インフィニティオンラインで他ゲームに追随する流れで導入された付呪スキルは、正式には錬成スキルと言う。
だが、覇権コンテンツであった他ゲーの勢いに押されてエンチャエンチャそれエンチャエンチャと呼ばれてしまい、しまいには本邦公式すら付呪と訳してしまったもんだから、付呪がもはや通称になっていた。
この金色のバッグは錬成術士のバッグ。
スキル最大値の限界突破に使うスキルスクロール以外では唯一と言ってもいい、錬成術という名前のついたアイテムだ。
効果は簡単。
使用量に比して、やたら重たい魔力結晶の重量を50%OFFしてくれる代物だ。
まあ──付呪はごく初期を除いて大抵は拠点でやるものだから、重量が減ったところでそれがどうした? ってところなのだが……。

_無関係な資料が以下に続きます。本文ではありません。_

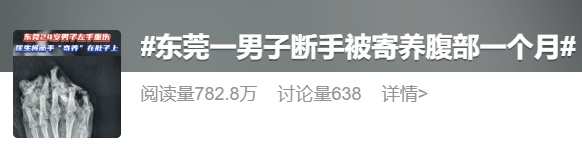 男子左手严重损毁，医生将断手“寄养”在肚子一个月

見た目がいい、入手時に素材も手に入る、副産物に出る装備品が高価で売れる、という理由から入手クエストを回しまくったお陰で、ハズレとして俺もいっぱい持っている。
まさか、本当に重さの意味で役に立つ日が来るとは……。
「っていうか……なんで、重量とかいう一番ごまかしが効かないもんがいじれるんだこの袋。これ自体がヤバイんじゃないのか……?」
とはいえ、この効果はこっちの世界では反映されていないかもしれない。
中身を用意して一旦別の袋にいれる。こいつは結構ずっしり来るぞ。これをこっちにざらーっと。色とりどりの宝石と赤・緑・白に輝く魔力結晶が流れ込む様子は綺麗だ。わあ、まるで天の川みたァい。
そして持ってみる。──明らかに、軽い。
俺はそっと行商用の鞄に金色のバッグを入れて、蓋を閉じる。
深く考えるのは、やめておこう。